- [GOAL OF THE EXERCISE]:
Produce an exact copy of all the data below, dropping every image.

- [DATA EXTRACT]:
========================================================================

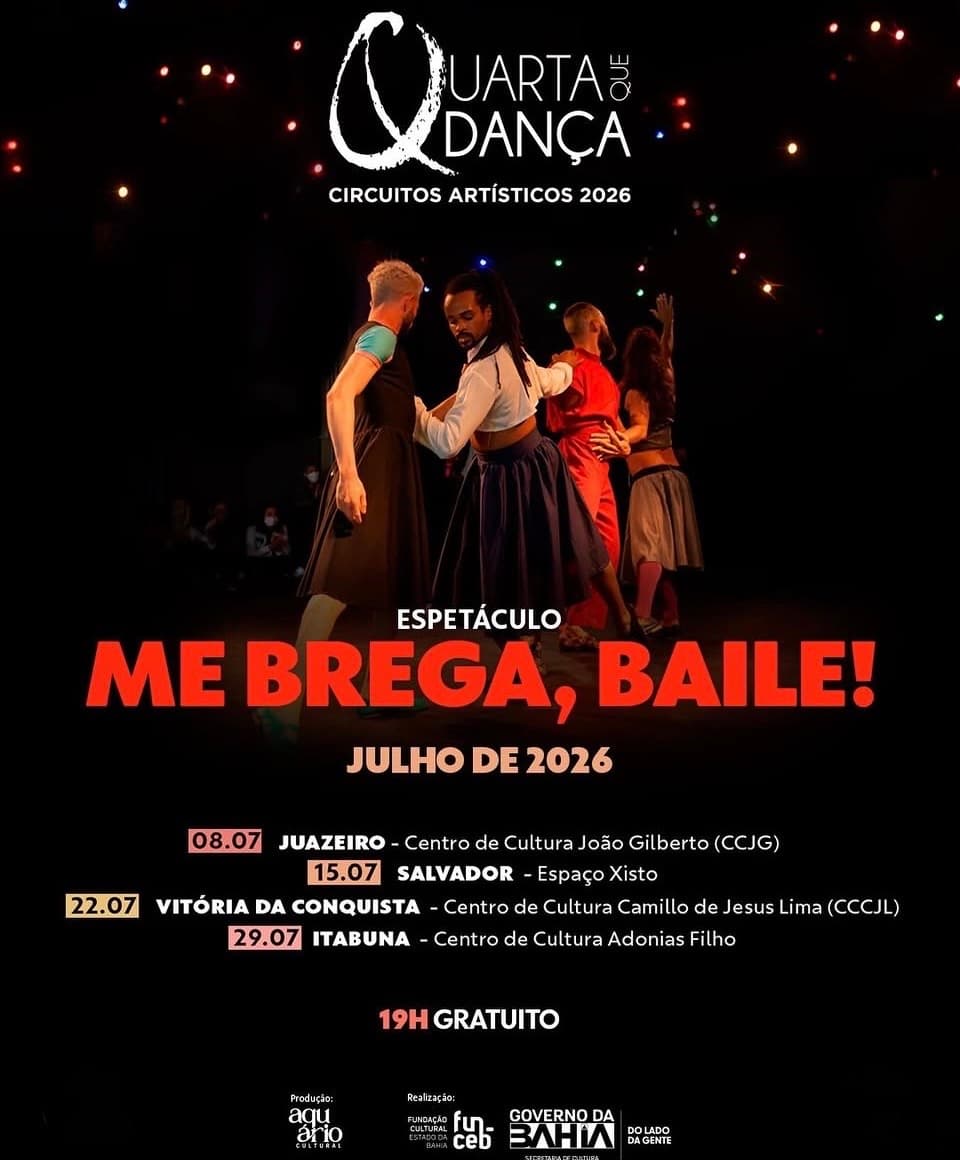 Me Brega, Baile!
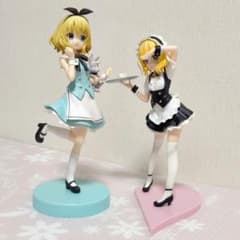 ご注文はうさぎですか？ シャロ フィギュア 2体セット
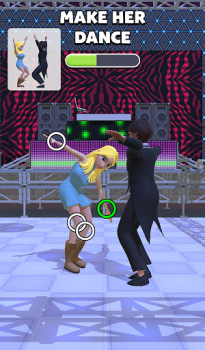 Scaricare Couple Move: 3D Life Simulator Casual per Android Screenshot 4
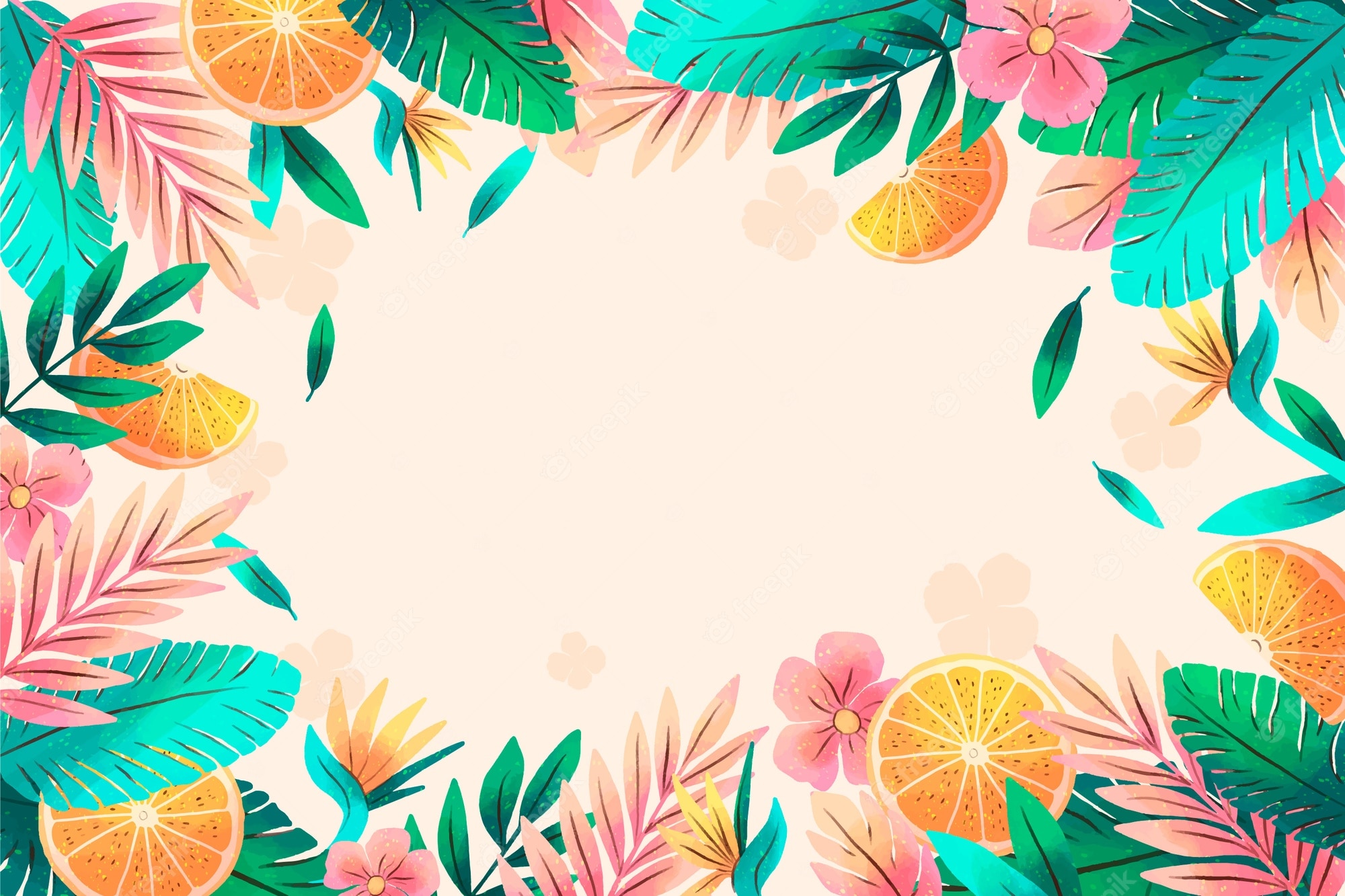 Tropical Background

========================================================================

- [PROBLEM SOLUTION]:
 Me Brega, Baile!
 ご注文はうさぎですか？ シャロ フィギュア 2体セット
 Scaricare Couple Move: 3D Life Simulator Casual per Android Screenshot 4
 Tropical Background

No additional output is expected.